**TASK TO CARRY OUT**. Retype nothing except the lines below from the one with "Erkek Lacivert Sıfır" through the one with "For iPhone XS", exactly, with images left out.

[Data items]

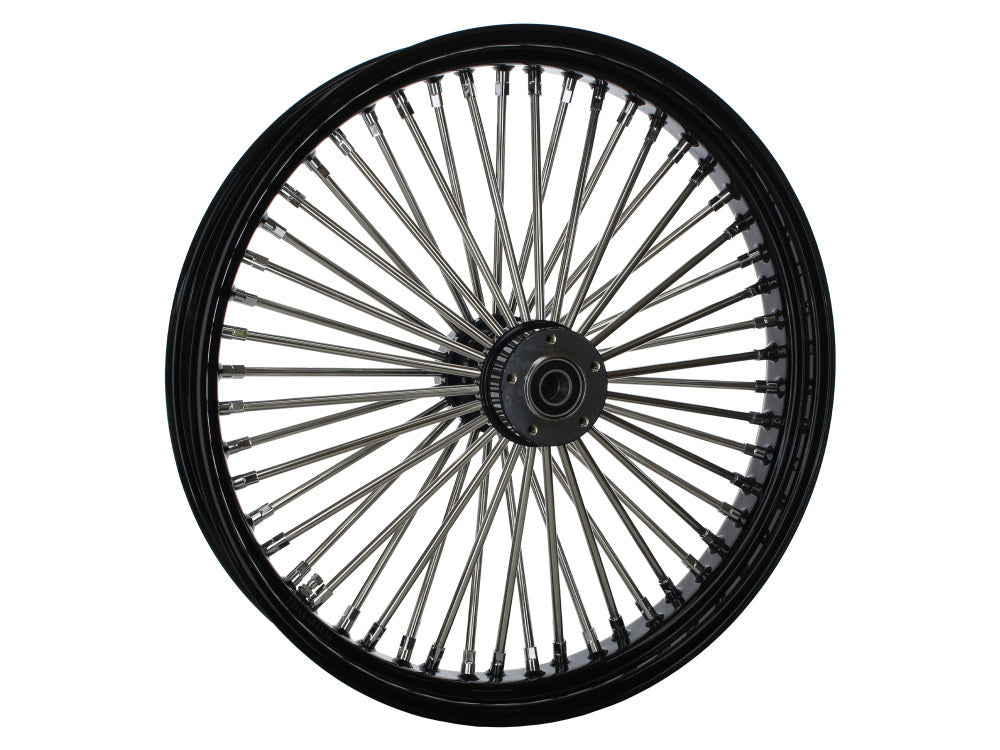 23in. x 3.5in. Mammoth Fat Spoke Front Wheel - Gloss Black & Chrome. Fits Touring 2008up.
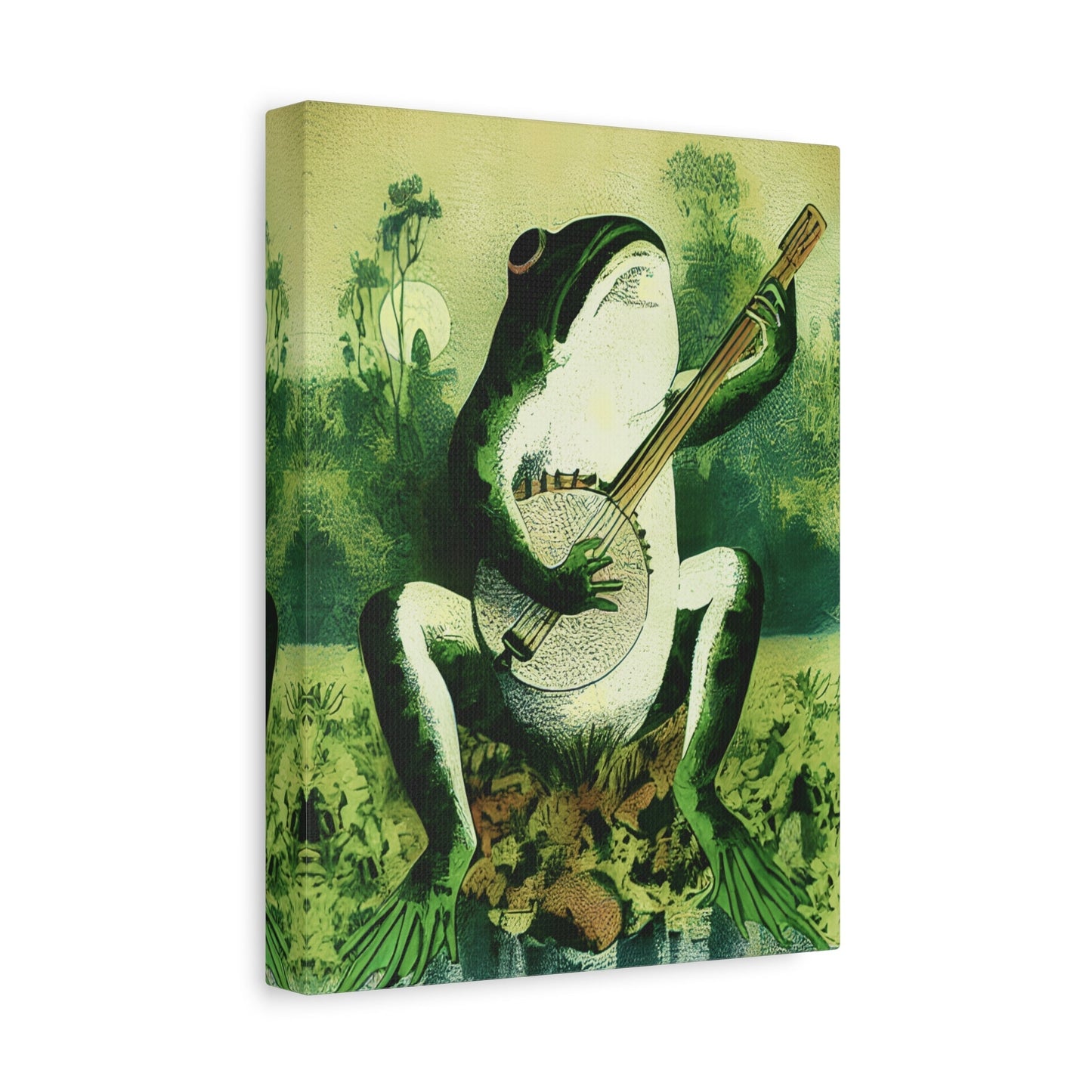 Frog Playing Banjo in The Moonlight - Framed Canvas Wall Art Print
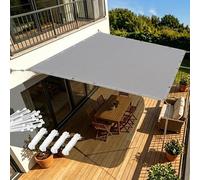 AJALGZ Vela ombreggiante Impermeabile 3.9x5.2m Tenda a Vela Rettangolare,Tenda da Sole per Esterno Protezione Raggi UV per Balcone Terrazza Campeggio, Grigio Chiaro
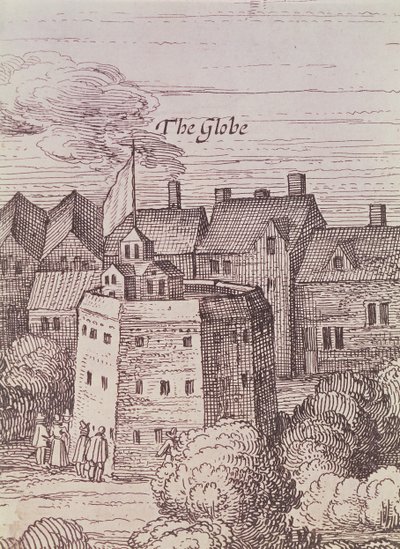 The Globe Theatre, detalje fra en gravering af Cornelius de Visscher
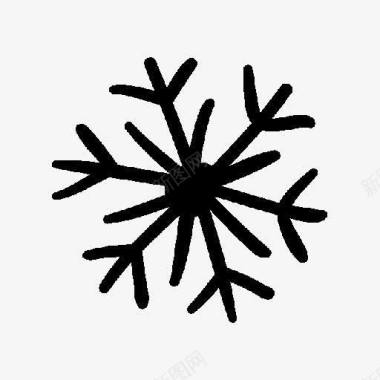 暖冬雪花黑色对称手绘雪花图标图标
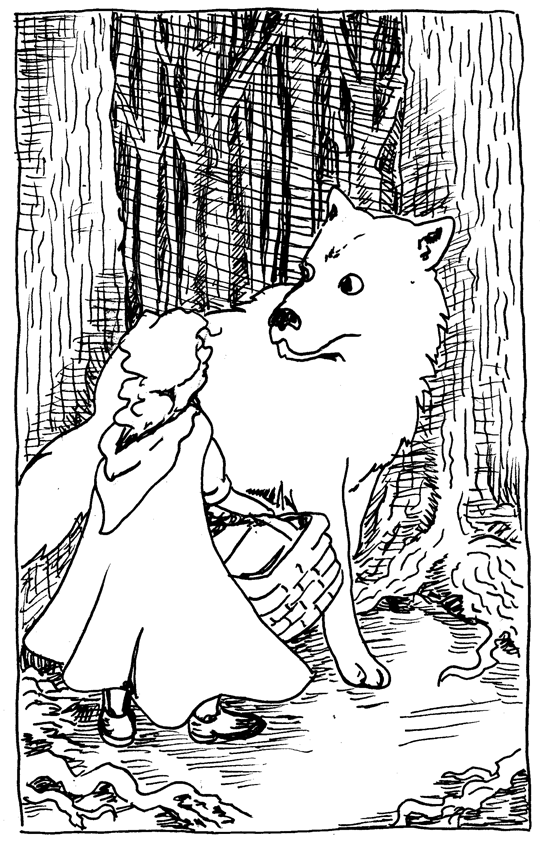 For day Thirteen of My April Fairy Tale Sketch Challenge I Drew Little Red Riding Hood.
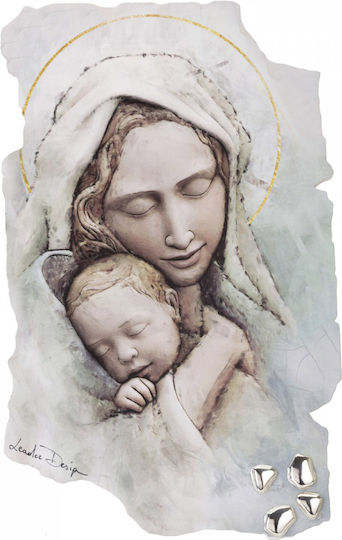 Saint Icon Virgin Mary Holding the Infant 18x29cm
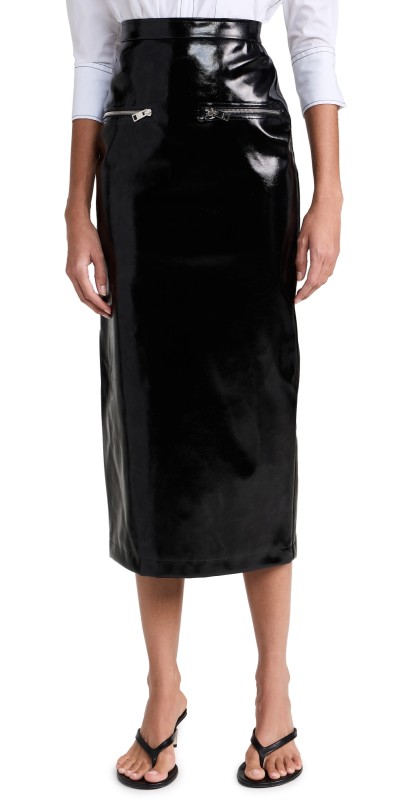 MSGM Patent Pencil Skirt Black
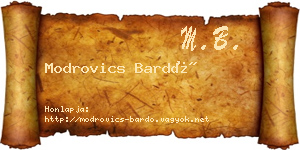 Modrovics Bardó névjegykártya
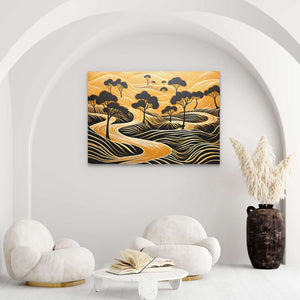 Endless Gold - Wall Art in Black Frame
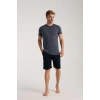 Erkek Lacivert Sıfır Yaka Kısa Kol Şortlu Pijama Takımı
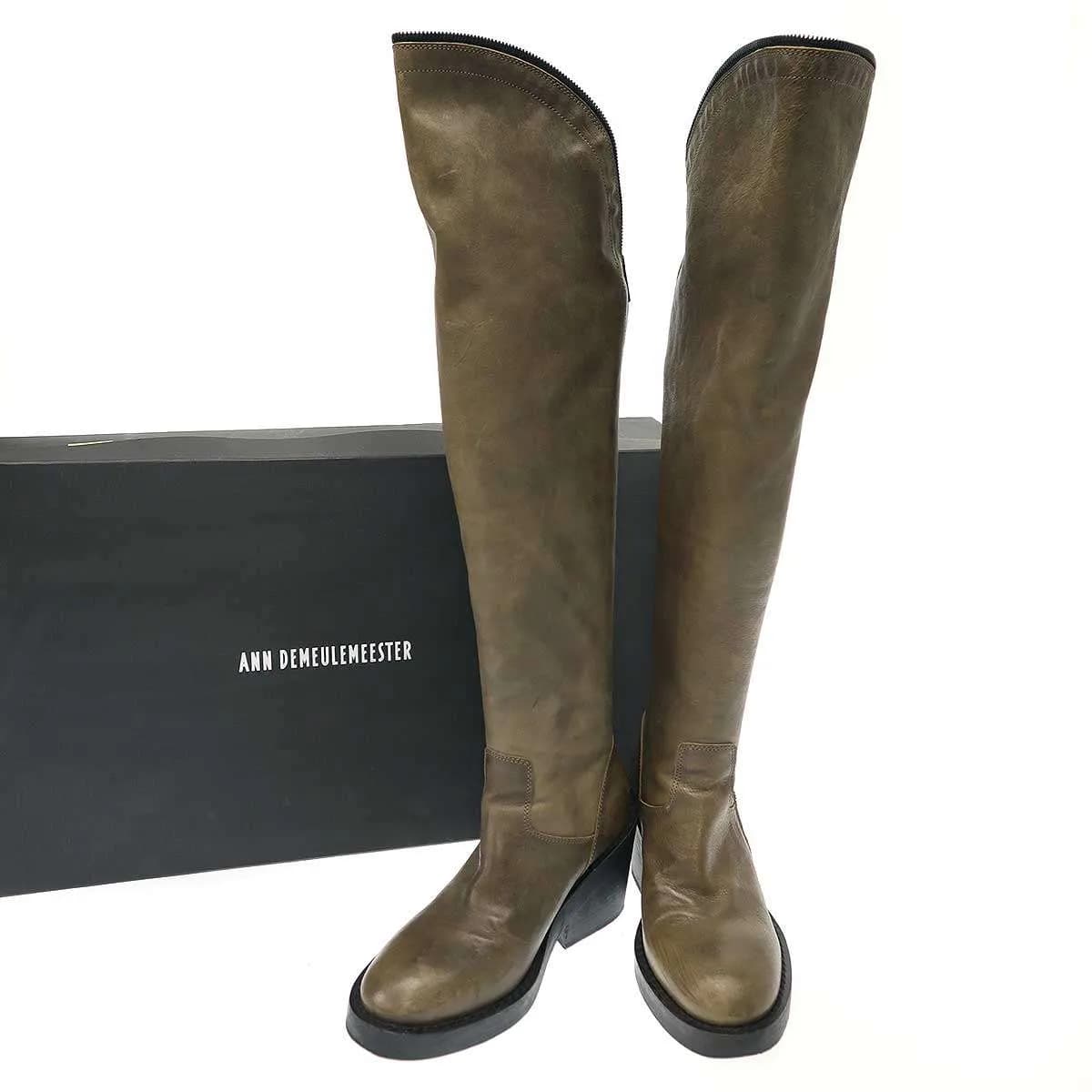 ANN DEMEULEMEESTER アンドゥムルメステール スパイラルジップレザーニーハイブーツ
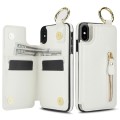 For iPhone XS / X Litchi Texture Zipper Double Buckle Card Bag Phone Case(White)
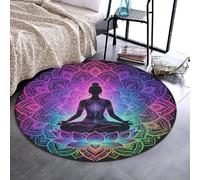 Anceky Tappeto rotondo unico antiscivolo in flanella, 91 cm | Decorativo, sette chakra, mandala bohémien, fungo, yoga, meditazione, arte boho, stampato, comodo tappetino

**TASK ANSWER**.
 Erkek Lacivert Sıfır Yaka Kısa Kol Şortlu Pijama Takımı
 ANN DEMEULEMEESTER アンドゥムルメステール スパイラルジップレザーニーハイブーツ
 For iPhone XS / X Litchi Texture Zipper Double Buckle Card Bag Phone Case(White)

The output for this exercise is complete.